__Work required__.
Copy every line below that has the word "Single" in it.
· · · · · · ·
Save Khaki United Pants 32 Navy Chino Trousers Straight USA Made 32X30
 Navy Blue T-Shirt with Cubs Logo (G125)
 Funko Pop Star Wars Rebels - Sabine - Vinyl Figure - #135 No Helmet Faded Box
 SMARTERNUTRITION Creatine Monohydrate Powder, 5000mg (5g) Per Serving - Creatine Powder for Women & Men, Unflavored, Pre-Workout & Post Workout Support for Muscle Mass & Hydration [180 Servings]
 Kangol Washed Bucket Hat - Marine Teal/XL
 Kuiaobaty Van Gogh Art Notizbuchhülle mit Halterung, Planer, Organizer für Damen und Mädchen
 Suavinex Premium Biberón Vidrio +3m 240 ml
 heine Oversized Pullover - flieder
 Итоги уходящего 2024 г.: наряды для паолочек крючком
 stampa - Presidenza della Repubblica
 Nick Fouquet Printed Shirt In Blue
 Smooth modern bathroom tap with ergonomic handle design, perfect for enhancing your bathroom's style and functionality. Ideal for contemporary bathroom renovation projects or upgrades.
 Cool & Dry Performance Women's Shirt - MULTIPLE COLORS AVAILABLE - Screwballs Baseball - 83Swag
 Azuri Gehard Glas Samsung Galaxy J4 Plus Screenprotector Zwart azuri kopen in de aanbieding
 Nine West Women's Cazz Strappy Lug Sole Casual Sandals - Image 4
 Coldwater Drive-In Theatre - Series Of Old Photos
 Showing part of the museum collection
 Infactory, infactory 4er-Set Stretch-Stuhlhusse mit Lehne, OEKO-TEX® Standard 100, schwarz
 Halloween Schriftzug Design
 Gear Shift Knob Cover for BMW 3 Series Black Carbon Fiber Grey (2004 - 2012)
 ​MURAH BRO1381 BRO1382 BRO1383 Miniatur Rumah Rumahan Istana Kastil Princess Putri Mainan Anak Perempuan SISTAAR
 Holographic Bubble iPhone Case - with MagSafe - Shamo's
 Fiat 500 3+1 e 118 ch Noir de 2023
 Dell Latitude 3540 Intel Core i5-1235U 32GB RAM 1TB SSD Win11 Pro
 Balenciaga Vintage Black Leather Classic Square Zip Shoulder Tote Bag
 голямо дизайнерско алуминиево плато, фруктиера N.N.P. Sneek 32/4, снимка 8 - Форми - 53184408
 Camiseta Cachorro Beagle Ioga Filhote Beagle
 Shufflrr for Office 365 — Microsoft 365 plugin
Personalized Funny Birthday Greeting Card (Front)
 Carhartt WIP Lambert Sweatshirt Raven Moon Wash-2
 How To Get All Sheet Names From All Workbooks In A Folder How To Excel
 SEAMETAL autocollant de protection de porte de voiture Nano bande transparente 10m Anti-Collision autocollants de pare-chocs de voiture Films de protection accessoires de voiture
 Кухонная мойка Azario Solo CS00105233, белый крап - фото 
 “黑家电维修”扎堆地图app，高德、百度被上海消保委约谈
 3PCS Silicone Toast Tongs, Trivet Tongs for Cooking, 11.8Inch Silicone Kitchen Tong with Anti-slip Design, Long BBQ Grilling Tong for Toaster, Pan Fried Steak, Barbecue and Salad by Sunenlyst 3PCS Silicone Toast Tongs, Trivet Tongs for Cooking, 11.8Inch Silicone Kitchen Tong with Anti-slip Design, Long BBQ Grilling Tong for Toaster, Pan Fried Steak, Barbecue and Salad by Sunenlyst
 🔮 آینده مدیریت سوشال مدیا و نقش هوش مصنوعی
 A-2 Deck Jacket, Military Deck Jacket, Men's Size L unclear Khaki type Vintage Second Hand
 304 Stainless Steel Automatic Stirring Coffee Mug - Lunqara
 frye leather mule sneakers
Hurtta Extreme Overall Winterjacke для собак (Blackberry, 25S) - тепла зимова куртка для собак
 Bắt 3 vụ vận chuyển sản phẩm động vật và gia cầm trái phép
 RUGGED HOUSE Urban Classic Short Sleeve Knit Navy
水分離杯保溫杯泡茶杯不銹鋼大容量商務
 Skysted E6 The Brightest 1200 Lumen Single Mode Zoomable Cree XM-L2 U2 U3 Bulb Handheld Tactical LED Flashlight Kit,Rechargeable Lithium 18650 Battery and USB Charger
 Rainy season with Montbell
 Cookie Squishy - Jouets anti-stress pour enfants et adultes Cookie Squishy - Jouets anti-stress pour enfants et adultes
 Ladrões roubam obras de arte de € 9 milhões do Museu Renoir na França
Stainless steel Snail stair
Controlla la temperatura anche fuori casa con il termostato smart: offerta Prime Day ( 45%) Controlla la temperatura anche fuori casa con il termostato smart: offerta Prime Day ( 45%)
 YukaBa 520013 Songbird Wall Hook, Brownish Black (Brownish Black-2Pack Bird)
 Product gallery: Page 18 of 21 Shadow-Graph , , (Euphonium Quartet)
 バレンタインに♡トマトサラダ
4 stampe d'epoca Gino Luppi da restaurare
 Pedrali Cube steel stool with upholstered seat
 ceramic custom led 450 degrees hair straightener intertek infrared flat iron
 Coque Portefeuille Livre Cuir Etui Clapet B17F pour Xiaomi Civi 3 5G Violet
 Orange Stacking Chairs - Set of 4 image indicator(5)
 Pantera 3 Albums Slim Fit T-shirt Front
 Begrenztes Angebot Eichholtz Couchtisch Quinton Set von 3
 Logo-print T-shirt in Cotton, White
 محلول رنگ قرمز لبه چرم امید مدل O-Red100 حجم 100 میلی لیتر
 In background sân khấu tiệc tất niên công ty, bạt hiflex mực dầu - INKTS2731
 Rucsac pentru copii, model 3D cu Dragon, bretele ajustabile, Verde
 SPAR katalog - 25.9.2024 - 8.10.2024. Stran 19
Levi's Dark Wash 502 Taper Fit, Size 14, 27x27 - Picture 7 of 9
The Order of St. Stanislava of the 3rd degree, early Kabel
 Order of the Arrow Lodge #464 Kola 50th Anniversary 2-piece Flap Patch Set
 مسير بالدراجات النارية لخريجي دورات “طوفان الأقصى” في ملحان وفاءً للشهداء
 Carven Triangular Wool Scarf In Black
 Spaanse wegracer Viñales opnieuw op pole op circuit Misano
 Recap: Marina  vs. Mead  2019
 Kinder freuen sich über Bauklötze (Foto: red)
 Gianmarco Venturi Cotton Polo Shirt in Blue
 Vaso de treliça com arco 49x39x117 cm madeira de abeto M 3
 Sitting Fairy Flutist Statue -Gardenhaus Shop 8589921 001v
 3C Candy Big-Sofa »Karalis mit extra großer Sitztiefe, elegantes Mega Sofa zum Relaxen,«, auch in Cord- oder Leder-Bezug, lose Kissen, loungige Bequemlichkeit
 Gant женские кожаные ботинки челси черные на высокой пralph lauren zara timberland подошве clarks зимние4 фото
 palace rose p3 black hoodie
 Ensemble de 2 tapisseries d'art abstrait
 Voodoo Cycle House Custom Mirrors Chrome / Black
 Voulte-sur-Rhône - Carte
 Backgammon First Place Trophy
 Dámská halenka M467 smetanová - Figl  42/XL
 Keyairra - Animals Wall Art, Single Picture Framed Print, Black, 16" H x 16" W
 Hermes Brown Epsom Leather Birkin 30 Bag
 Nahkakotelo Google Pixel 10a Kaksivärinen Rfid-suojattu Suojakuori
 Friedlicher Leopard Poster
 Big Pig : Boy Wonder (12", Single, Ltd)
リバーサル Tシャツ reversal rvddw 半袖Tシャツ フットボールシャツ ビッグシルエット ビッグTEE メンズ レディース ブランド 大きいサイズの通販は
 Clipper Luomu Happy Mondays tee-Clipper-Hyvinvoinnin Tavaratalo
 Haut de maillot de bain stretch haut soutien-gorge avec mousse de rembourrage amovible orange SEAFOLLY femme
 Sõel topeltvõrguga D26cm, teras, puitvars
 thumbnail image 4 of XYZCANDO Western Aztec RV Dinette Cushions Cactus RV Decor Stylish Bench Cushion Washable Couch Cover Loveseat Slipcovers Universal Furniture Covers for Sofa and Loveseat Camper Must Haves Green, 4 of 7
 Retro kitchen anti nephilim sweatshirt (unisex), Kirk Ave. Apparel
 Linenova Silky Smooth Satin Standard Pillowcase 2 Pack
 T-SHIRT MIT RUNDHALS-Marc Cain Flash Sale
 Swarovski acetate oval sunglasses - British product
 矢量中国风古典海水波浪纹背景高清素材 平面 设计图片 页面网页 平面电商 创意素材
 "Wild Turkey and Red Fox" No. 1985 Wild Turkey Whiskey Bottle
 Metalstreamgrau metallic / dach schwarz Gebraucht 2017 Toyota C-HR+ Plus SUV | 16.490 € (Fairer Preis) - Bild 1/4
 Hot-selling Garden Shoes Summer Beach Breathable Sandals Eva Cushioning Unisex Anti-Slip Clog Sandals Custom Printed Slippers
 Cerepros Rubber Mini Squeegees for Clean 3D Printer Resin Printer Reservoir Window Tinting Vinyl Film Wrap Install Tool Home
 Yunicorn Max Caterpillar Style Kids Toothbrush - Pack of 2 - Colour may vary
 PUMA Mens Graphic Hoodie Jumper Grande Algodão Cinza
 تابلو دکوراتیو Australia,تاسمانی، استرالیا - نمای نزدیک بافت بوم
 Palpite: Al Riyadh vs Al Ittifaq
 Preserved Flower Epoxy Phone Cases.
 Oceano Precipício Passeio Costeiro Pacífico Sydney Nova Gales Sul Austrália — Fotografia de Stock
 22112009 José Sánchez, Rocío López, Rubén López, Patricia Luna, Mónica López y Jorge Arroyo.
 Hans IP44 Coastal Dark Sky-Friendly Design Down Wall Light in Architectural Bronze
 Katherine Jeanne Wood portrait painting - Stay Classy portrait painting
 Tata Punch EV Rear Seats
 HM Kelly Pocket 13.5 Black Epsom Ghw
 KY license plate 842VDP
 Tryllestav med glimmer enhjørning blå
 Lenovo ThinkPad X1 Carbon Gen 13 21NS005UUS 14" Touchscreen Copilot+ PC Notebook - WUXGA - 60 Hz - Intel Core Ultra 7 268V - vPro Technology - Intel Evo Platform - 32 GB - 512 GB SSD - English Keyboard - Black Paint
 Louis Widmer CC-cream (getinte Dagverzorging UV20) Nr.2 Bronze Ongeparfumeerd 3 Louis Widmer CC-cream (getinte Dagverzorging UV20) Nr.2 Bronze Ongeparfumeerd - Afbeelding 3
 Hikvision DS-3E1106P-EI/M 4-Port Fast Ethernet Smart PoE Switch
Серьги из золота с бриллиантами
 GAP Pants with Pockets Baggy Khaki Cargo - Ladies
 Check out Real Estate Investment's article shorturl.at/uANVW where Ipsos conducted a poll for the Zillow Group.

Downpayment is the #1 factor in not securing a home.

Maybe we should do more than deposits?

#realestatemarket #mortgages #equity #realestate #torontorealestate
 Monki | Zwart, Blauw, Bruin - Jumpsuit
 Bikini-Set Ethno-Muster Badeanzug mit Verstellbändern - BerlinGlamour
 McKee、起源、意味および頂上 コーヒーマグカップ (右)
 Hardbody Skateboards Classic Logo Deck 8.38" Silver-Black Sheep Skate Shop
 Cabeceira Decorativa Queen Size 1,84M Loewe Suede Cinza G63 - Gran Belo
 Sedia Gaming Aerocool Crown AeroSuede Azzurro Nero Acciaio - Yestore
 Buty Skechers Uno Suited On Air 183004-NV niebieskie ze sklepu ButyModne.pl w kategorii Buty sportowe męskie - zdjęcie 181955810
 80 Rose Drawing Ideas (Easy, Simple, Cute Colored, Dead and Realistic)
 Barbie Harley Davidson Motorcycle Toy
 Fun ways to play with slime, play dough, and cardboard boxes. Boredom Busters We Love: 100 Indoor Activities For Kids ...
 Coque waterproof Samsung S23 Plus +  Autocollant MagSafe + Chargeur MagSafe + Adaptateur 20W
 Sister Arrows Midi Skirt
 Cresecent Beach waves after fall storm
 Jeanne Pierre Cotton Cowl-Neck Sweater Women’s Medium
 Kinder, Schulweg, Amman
· · · · · · ·
__Reply__.
 Skysted E6 The Brightest 1200 Lumen Single Mode Zoomable Cree XM-L2 U2 U3 Bulb Handheld Tactical LED Flashlight Kit,Rechargeable Lithium 18650 Battery and USB Charger
 Keyairra - Animals Wall Art, Single Picture Framed Print, Black, 16" H x 16" W
 Big Pig : Boy Wonder (12", Single, Ltd)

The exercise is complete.